A woman using a laptop at Mail.ru’s Moscow headquarters, which has recently begun charging for its Afisha site.

The entertainment arm of Russian Internet giant Mail.ru on Thursday began charging viewers for video content, joining competitor Yandex in the quest to successfully monetize the online distribution of movies.

Afisha Mail.ru now offers a selection of about 3,000 films for paid viewing, Mail.ru said in a statement Thursday. A further 4,000 films are available to be viewed for free but with accompanying advertisements.

The selection ranges from recent domestic and international blockbusters, such as "Yolki 3" and "Gravity," to classics of Soviet and foreign cinema. Prices per view range from 29 rubles ($0.8) for older films to 299 rubles ($8.3) for recent releases and provide access for two days following the moment of purchase, Afisha Mail.ru head Alexei Antropov told Vedomosti.

The company also plans to launch a subscription service by the end of the year, Antropov said.

For this project Afisha Mail.ru teamed up with online paid streaming service Play Lite, which has distribution agreements with a number of major Hollywood studios including Universal Pictures, Paramount Pictures, 20th Century Fox and Walt Disney.

Play is one of a string of Russian Internet companies that have popped up in recent years with various blends of advertising and paid content models in the attempt to draw profit from a sector long defined by endemic online piracy.

Leading Internet company Yandex is also creating an online movie theater, which is to be formed on the basis of film information and review site Kinopoisk, purchased by Yandex for $80 million in 2013. Yandex works with Play on this project along with all other major legal online video services, a company spokesman said.

The most successful online cinema yet, ivi.ru, was founded in 2010 and has an audience of 30 million unique users.

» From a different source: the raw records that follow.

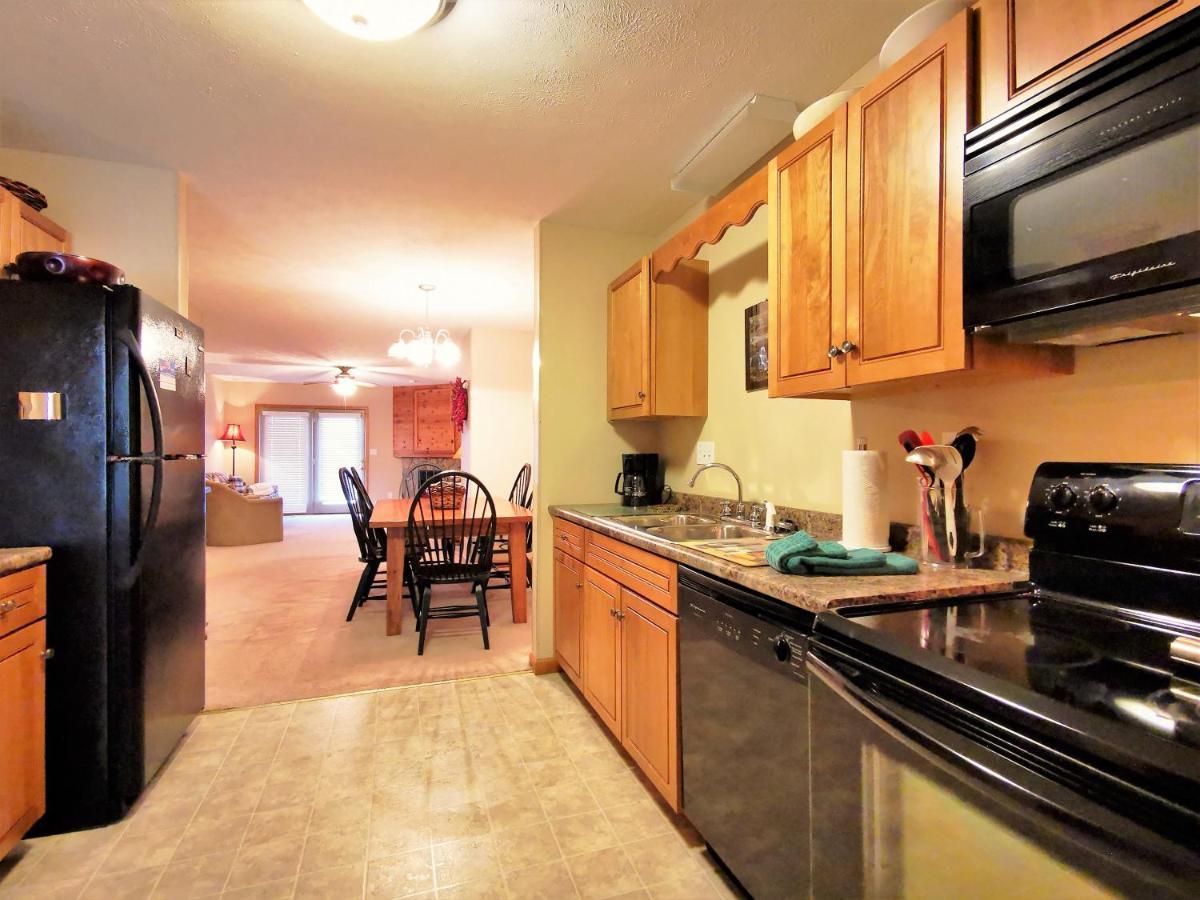 Gorgeous House For Ski Retreat Or Mountain Vacations Snowshoe Bagian luar foto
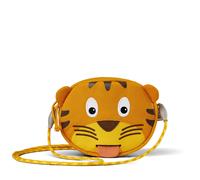 Portafoglio Affenzahn Kids Wallet Colore: giallo
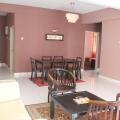 Ancasa Residences Port Dickson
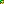 Destellos dst-7105754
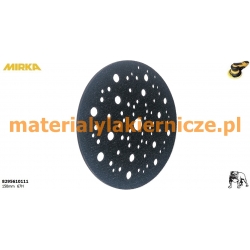 MIRKA 8295610111 Pad Saver 150mm 67H materialylakiernicze.pl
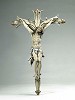 Giuseppe Armani&nbsp;Renaissance Crucifix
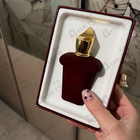 Духи Italica от Xerjoff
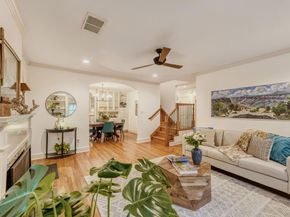 2101 Elton LN, Austin TX 78703
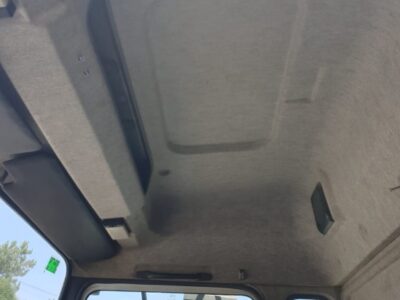 RENAULT S150 (PIÈCES / DÉMOLITION) RENAULT S150 (PIÈCES / DÉMOLITION)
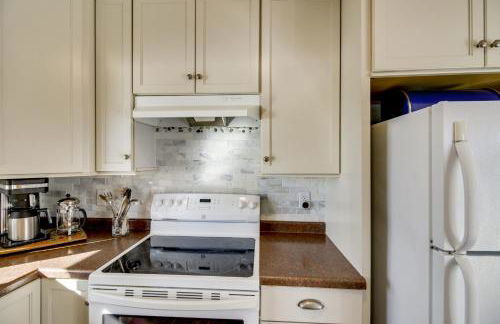 South Long Lake Home with Swim Area Pets Welcome! - Photo 10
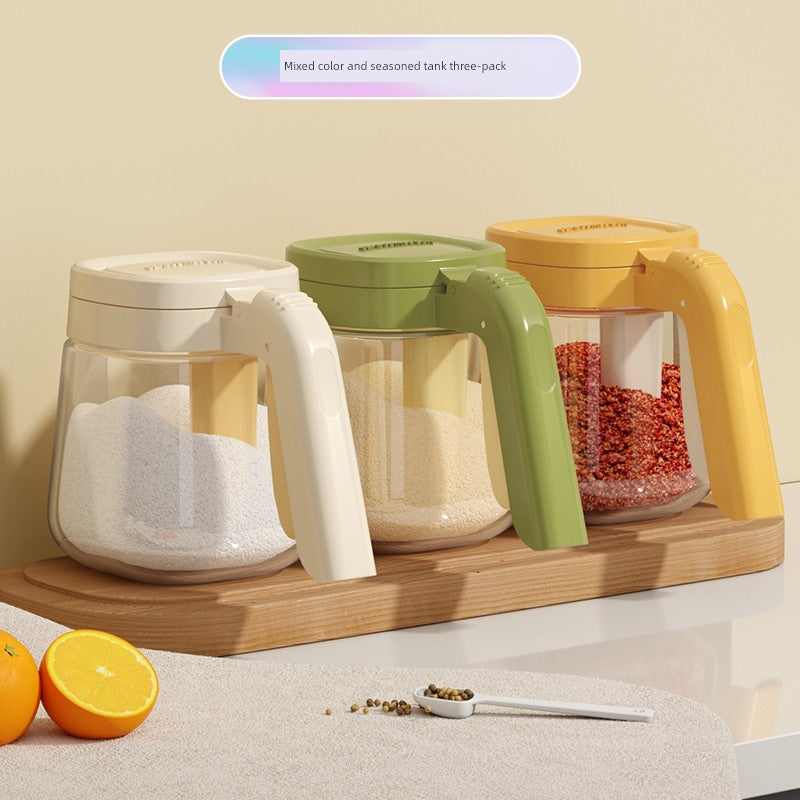 S0fd6745517de4968a788e2aabc6c5e65C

The site employs a mixed revenue model: 97 percent of its content is available for free with advertising while the remaining 3 percent is set aside for subscribers and pay-per-view.

Entertainment magazine Afisha also launched an online theater in December last year and has gained some subscribers, but the results so far have been insignificant, Afisha products director Ilya Krasilshchik told Vedomosti.

For paid legal content to gain a foothold, the market will need to see radical actions, Krasilshchik said: content suppliers will need to unite while copyright holders expand their offerings and ease conditions of sale.

Mail.ru Group's Antropov disagreed. Russian users are prepared to pay for legal content, so long as online theaters have appropriate prices, a convenient interface and exclusive content, Antropov said.